And then on Sunday, amid the South Florida heat that accompanied one of Ferrari’s least convincing performances of 2025, a series of radio messages boiled over into a team orders controversy after the checkered flag fell on the Miami Grand Prix.

What happened?

Strip away the soundbites and Ferrari’s biggest issue in Miami was a lack of performance. Radio messages, questionable strategy calls and any frustrations during or after the race all stemmed from a lack of competitive lap times throughout the weekend. A glance at the race classification offers the simplest representation of how bad the weekend was, with Leclerc finishing seventh, 57 seconds off race winner Oscar Piastri, and Hamilton in eighth.

Rather than fighting Mercedes and Max Verstappen’s Red Bull for the final podium position behind the dominant McLarens, Ferrari found itself struggling to hold off Carlos Sainz in the slower of the two Williams while Alex Albon in the sister car finished nine seconds ahead of Leclerc in fifth. For a team that was only 14 points adrift of last year’s constructors’ champion McLaren, it was the latest in the Italian outfit’s series of brutal wake-up calls in 2025.

The gulf between Ferrari’s preseason expectations and in-race realities only heightened tensions when Leclerc and Hamilton found themselves sharing the same piece of track in the second half of the race. Opting for different strategies in line with their respective grid positions (Leclerc started eighth on medium tires and Hamilton 12th on hards), the races of the two Prancing Horses started to converge around lap 32 and were squarely on top of each other by lap 38.

Hamilton had gained on Leclerc thanks to a well-timed pit stop from hards to mediums under a Virtual Safety Car period, while Leclerc had made his change from mediums to hards under normal racing conditions a few laps later.

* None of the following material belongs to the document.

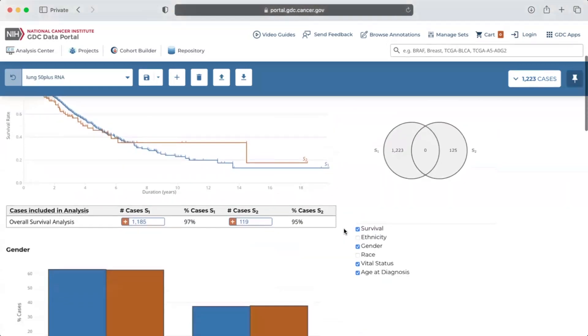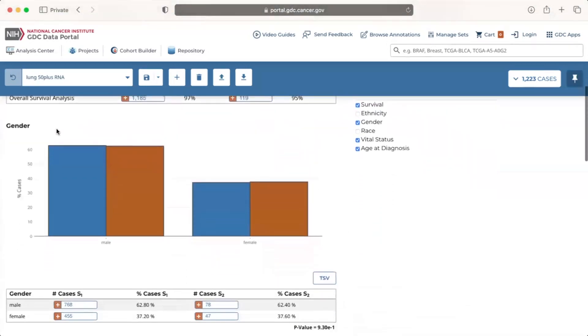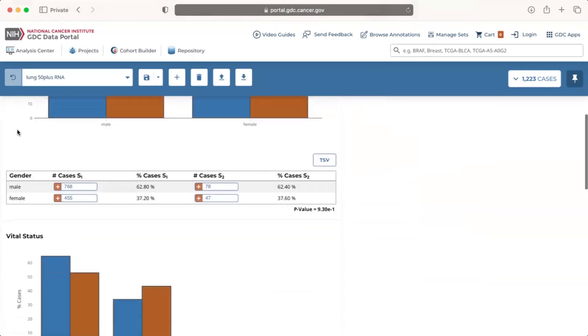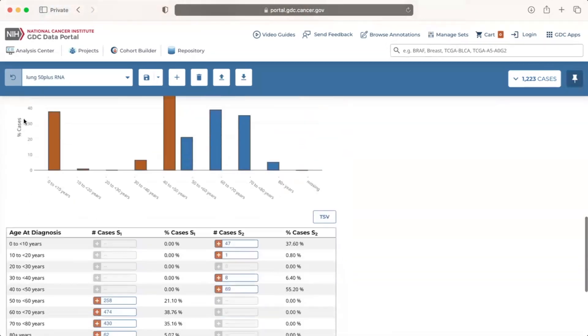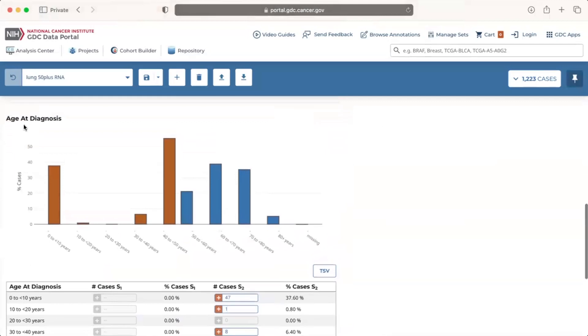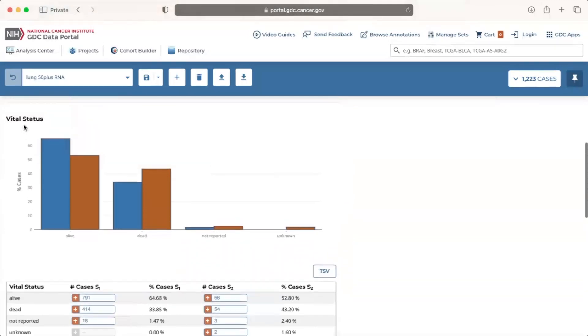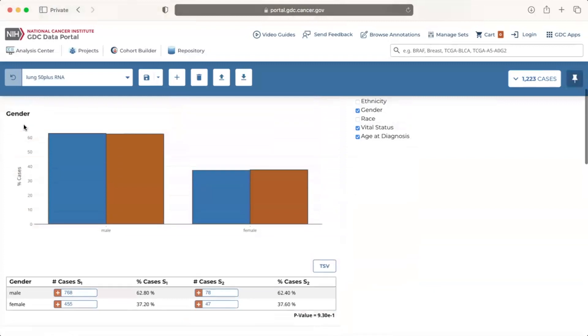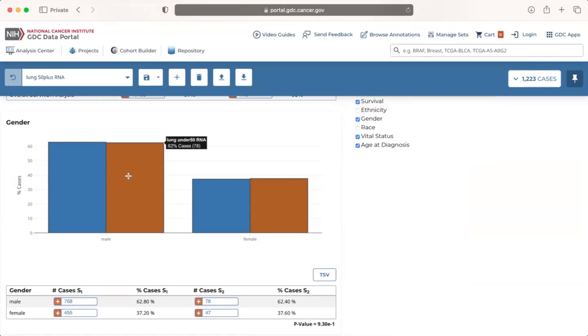Scrolling down the page, bar plots and tables for certain clinical facets are displayed below the survival plot, including gender, vital status, and age at diagnosis. Each bar plot compares the percent of cases between the two cohorts for each category. For example, the gender bar plot shows that there is a slightly higher percentage of males among lung cancer cases with RNA-seq data aged 50 plus in blue, compared to those less than 50 years old in orange.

Running in tandem on lap 34, they performed a tag-team-style overtake on Sainz in which Leclerc lunged past the Williams at Turn 1 and in doing so opened the door for Hamilton to sneak past in the same corner.

Hamilton, running on a softer compound tire with more immediate performance potential, was the faster of the two Ferraris at that stage, but was wary that he was damaging his tires by running in his teammate’s aerodynamic wake. Andrea Kimi Antonelli in sixth place was five seconds further up the road and Hamilton felt he had a shot at chasing down the Mercedes driver if he could just get past Leclerc.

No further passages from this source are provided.